The 90's began with a  leaping gazelle-like creature that would stick it's tongue out in full Gene Simmonsy glory, only to fake a 'slam dunk' and with his left hand 'posterize' his victims with a swift right hand scoop to score game winning clutch shots. He was known as 'his Airness'. Everyone wanted to be Like Mike. By this point i was resenting my mom for A))not naming me Michael B)not being of African decent and C)not sporting a Jerry Curl.
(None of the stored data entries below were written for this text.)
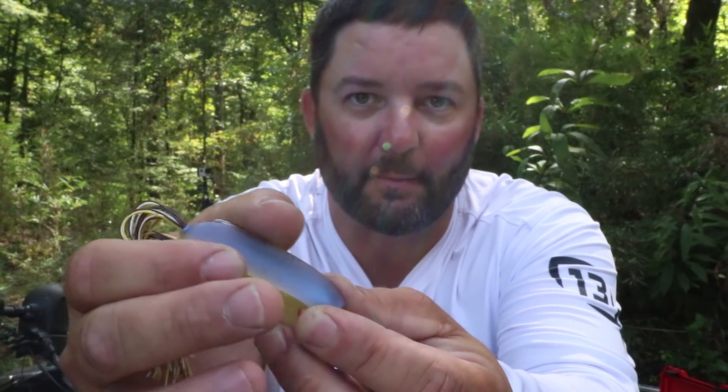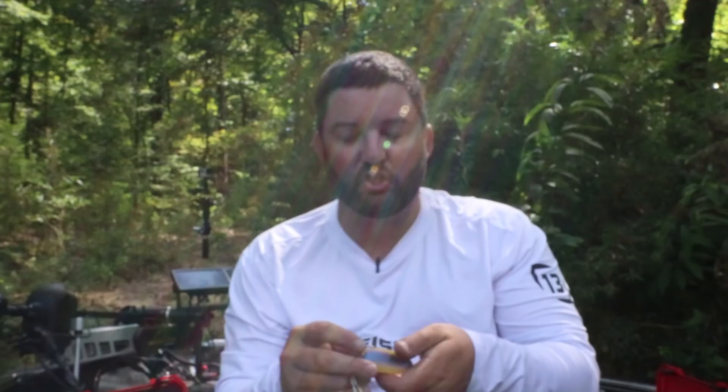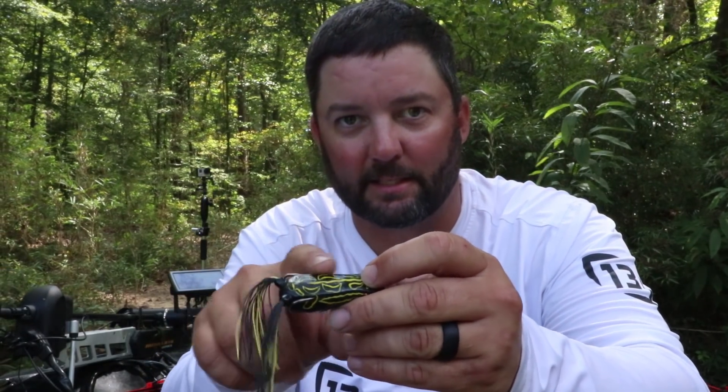One more modification I almost forgot is bending the hooks out to get better hook sets. A lot of hollow body frogs, regardless of manufacturer, need this. Bend those hooks out just a hair. Here's my test: I run my fingers along the side of the body without squeezing, just sliding alongside it. If the hook doesn't snag the skin on my finger, I bend the hook out just a hair using pliers - bend it straight up, just a tiny bit. You want it so when you slide along, that hook snags the skin. That's what you want.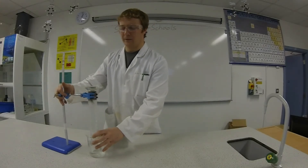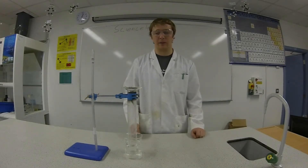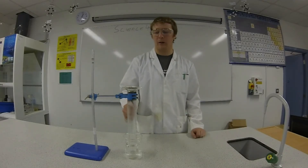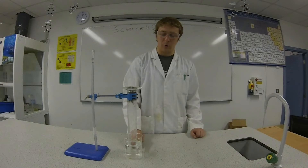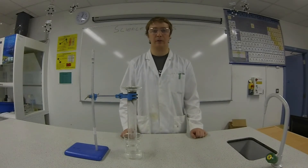Now you're going to have to leave this for a few days — overnight, maybe a couple of days — to see the results. What's going to happen is the steel wool is going to react with the oxygen in this graduated cylinder to produce iron oxide, which is rust. So the oxygen will get used up and then the water will displace all the oxygen that was used. So we'll come back tomorrow and see the results.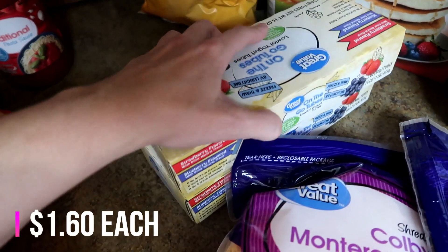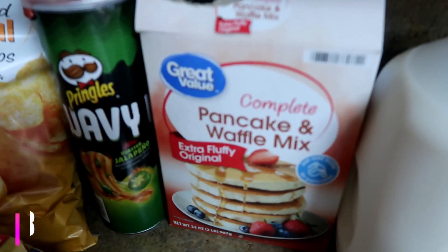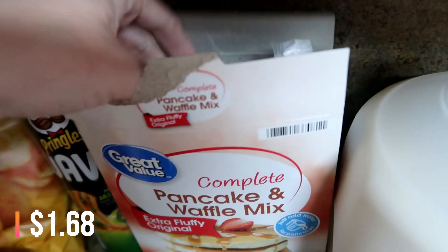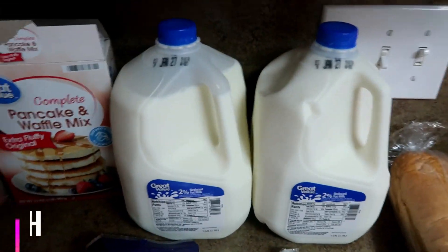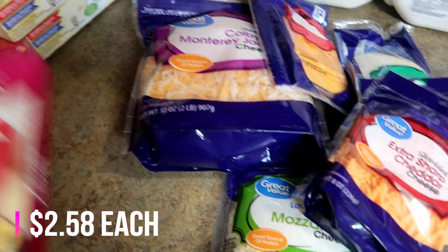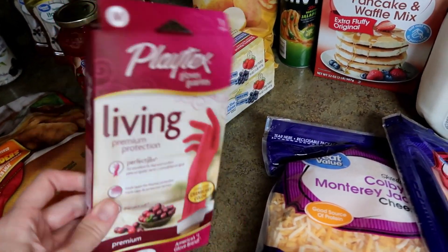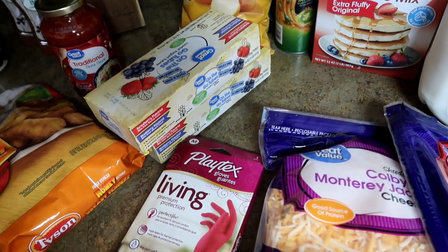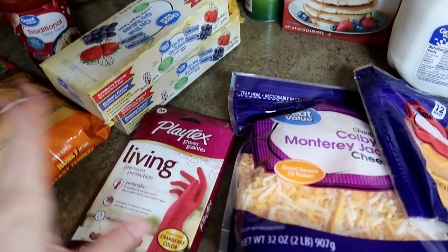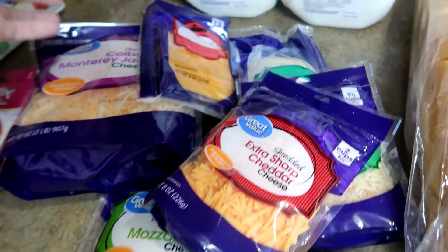Two boxes of yogurt — those will go in the freezer for the boys. I also got some pancake mix, and as you can see they ripped into it, but that's fine because I have a container I'll store it in. Two gallons of milk — we already had to get into that. And I got a backup pair of cleaning gloves because I use mine pretty hard and tend to poke a hole in them from scrubbing.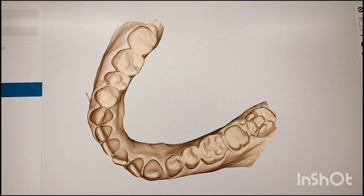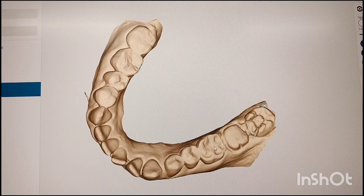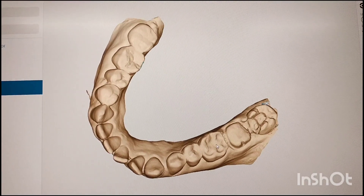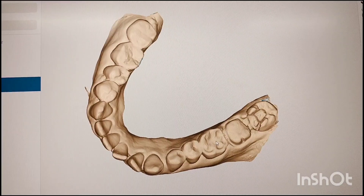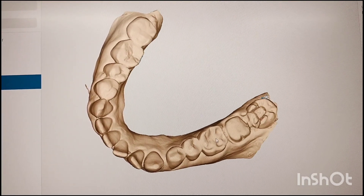What is an inlay? Inlay is basically an indirect restoration, an intracoronal restoration which is luted onto the prepared cavity. We are going to bond it with the help of resin cement.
I soon began to realize and accept that my chances in the NBA or MTV were slim to none. It seemed like everyone in high school was chasing dreams of greatness. Though intimidated by that, the future didn't matter to me as much as what i had discovered through an Armani wearing, British guitar god who was being interviewed on 'Entertainment Tonight' by the lovely Mary Hart. The interview showed flashbacks of his stints with The Yardbirds, Cream, and an impressive clip of him ripping a stinging solo for 'Layla'. A song he had written for a woman who's attention he was desperately trying to get. That woman was George Harrison(quiet Beatle/his best friend)'s wife(Patty Boyd Harrison). As soon as they showed the live and unplugged MTV album clip, that was dedicated to the memory of his son Connor (who had just died recently) and won Album of the Year at the Grammy's, i was sold. This wasn't Milli Vanilli or Vanilla Ice, this was beyond 'making a quick buck with trendy pop teeny bopper' ditties. This was the type of well crafted soul music that could transcend time through influence and inspiration.


The 90's(much like the 60's and early 70's) was a great time for this type of music. The Seattle Grunge Scene, Metallica,  and Radiohead were some of the acts that ruled the airwaves. Amongst the heavily driven guitars, aggressive drum beats, thumping basslines and screaming vocals, one song stood out like a sore thumb for me: "Tears in Heaven" a deeply personal song about the unbearable loss Eric Clapton had suffered. Witnessing him perform so eloquently about such a tragic loss, inspired me to research his music, his story, and most importantly the influences that shaped him along the way. His words, life story and music opened me up to an entire universe of sour notes, sweet notes and the value of their contrast. Even though I may never get a chance to thank him in person, here's my attempt:

Rubber Bullet


We live in a time where your value and my value are measured by the size of our bank account. It’s a rat race. Constantly looking back to see who’s catching up as we clumsily stumble forward trying desperately to keep up with the Jones’. Is that really what life should be all about? I believe that life is about personal growth with the unapologetically driven purpose of applying what you’ve learned.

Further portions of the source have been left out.